State v. W.R.
336 P.3d 1134
Wash.2014Background
- Juvenile defendant W.R. was adjudicated guilty of second-degree rape (forcible compulsion) after a bench trial; the court found the victim J.F. credible and W.R. not credible.
- W.R. conceded intercourse but claimed it was consensual; the trial court and parties proceeded under Washington precedent requiring the defendant to prove consent by a preponderance.
- W.R. appealed, arguing that forcing him to prove consent violated due process because consent negates the element of forcible compulsion.
- The Court granted review to address whether due process permits placing on the defendant the burden to prove consent when forcible compulsion is an element.
- The Supreme Court overruled prior Washington precedent (State v. Camara; State v. Gregory), held consent necessarily negates forcible compulsion, and remanded for a new trial because requiring proof of consent by a preponderance violated due process.
Issues
| Issue | Plaintiff's Argument (State) | Defendant's Argument (W.R.) | Held |
|---|---|---|---|
| Whether due process permits requiring a defendant to prove consent by a preponderance when the crime requires forcible compulsion | Consents and forcible compulsion merely "conceptually overlap"; overlap is not complete, so defendant can bear burden to prove consent | Consent necessarily negates forcible compulsion so the State must disprove consent beyond a reasonable doubt; shifting burden violates Winship due process rule | Court held consent necessarily negates forcible compulsion; due process forbids requiring defendant to prove consent by a preponderance; State must prove lack of consent as part of forcible compulsion element beyond a reasonable doubt |
| Proper application of the "negates" analysis after Martin and Smith | The Martin line allows burden-shifting for some defenses; consent often negates but does not always negate forcible compulsion | Smith clarified that when a defense necessarily negates an element the State cannot shift the burden; thus negates analysis controls | Court applied "negates" analysis, concluding consent necessarily negates forcible compulsion and Martin/Gregory/Camara were incorrectly interpreted and are overruled to the extent inconsistent |
| Remedy for the constitutional error in W.R.’s trial | The State argued the error was harmless because the judge’s credibility findings would be the same under the correct standard | W.R. argued the burden-shift materially affected the proceedings; reversible error warranted | Court found error not harmless beyond a reasonable doubt and remanded for a new trial |
| Interaction with rape-reform goals (focus on perpetrator) | Emphasized statutory language focusing on forcible compulsion rather than express lack-of-consent element; permitted prior approach | Argued shifting burden back undermines reform and risks refocusing on victim | Court held constitutional due-process protections require State to disprove consent where consent negates an element, while noting this need not reinstitute victim-focused instructions; left statutory interpretation question subordinate to constitutional rule |
Key Cases Cited
- In re Winship, 397 U.S. 358 (due process requires proof of every element beyond a reasonable doubt)
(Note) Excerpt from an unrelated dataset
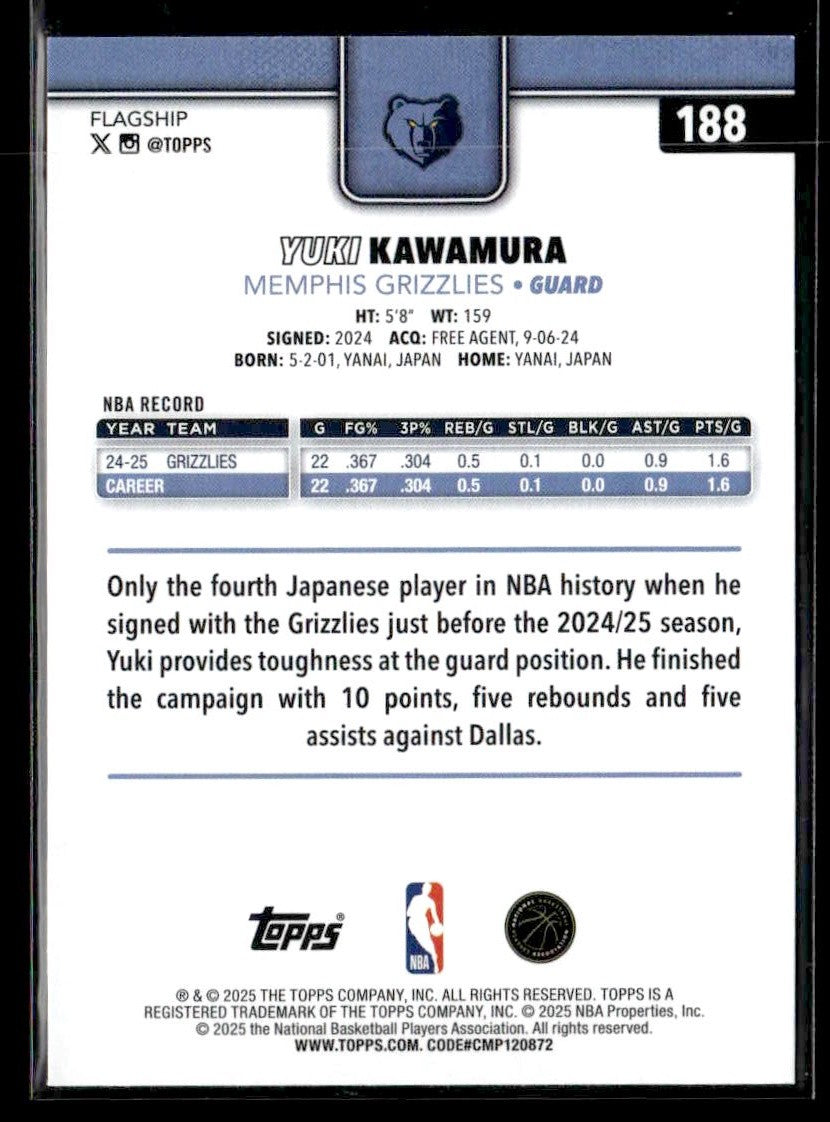2025-26 Topps #188 Yuki Kawamura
- Patterson v. New York, 432 U.S. 197 (legislatures may allocate burden for affirmative defenses that do not negate elements)
- Martin v. Ohio, 480 U.S. 228 (upholding placing burden of proving self-defense on defendant where defense excuses but does not necessarily negate element)
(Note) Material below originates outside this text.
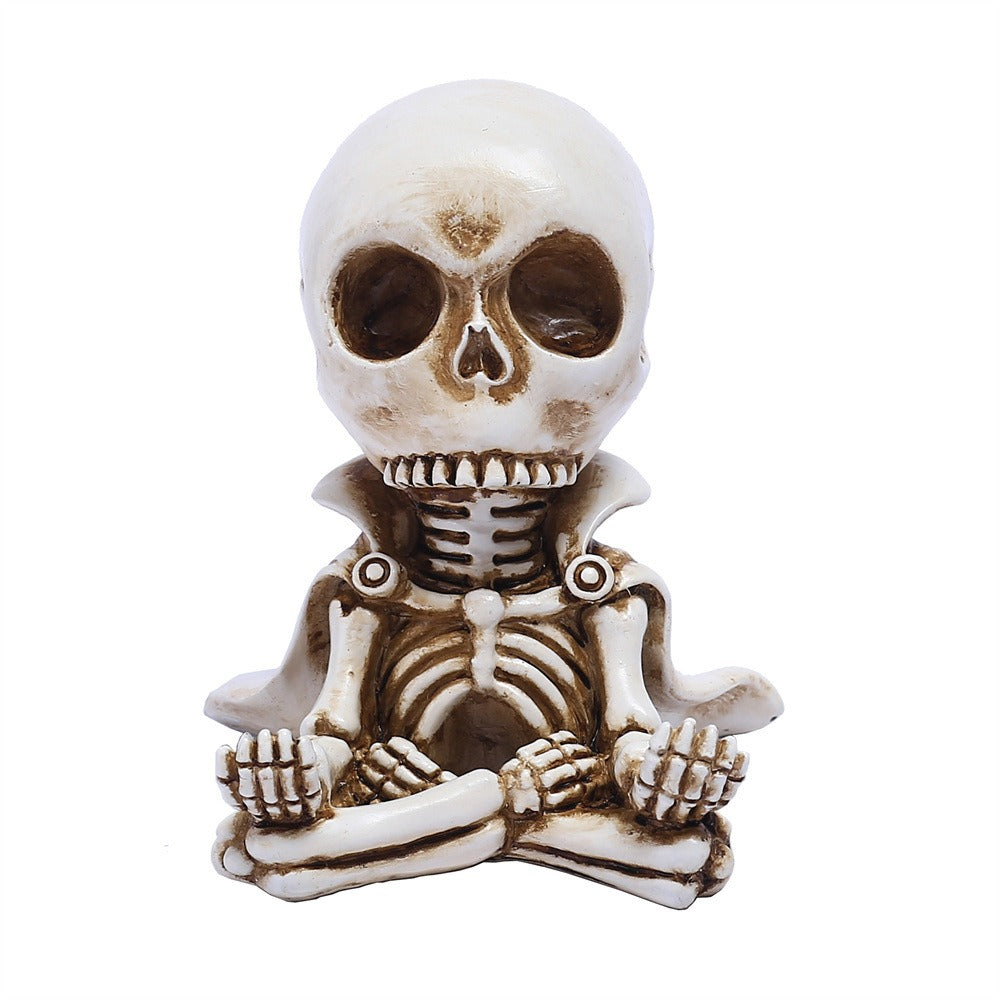 Hooded Skull Meditation Ornament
- Dixon v. United States, 548 U.S. 1 (distinction between defenses that excuse conduct and those that negate elements)
- Smith v. United States, 133 S. Ct. 714 (clarified that the State must bear burden when a defense necessarily negates an element)
- Mullaney v. Wilbur, 421 U.S. 684 (framework for constitutional protection against burden-shifting that relieves prosecution of proving elements)
- State v. Camara, 113 Wn.2d 631 (overruled in part) (prior Washington decision permitting defendant to bear burden to prove consent)
- State v. Gregory, 158 Wn.2d 759 (overruled in part) (reaffirmed Camara)
- State v. Riker, 123 Wn.2d 351 (discussed burden and defenses; previously relied upon to support Camara)
- Spicer v. Gregoire, 194 F.3d 1006 (9th Cir.) (noting consent appears to negate forcible compulsion and that burdening defendant may raise due process concerns)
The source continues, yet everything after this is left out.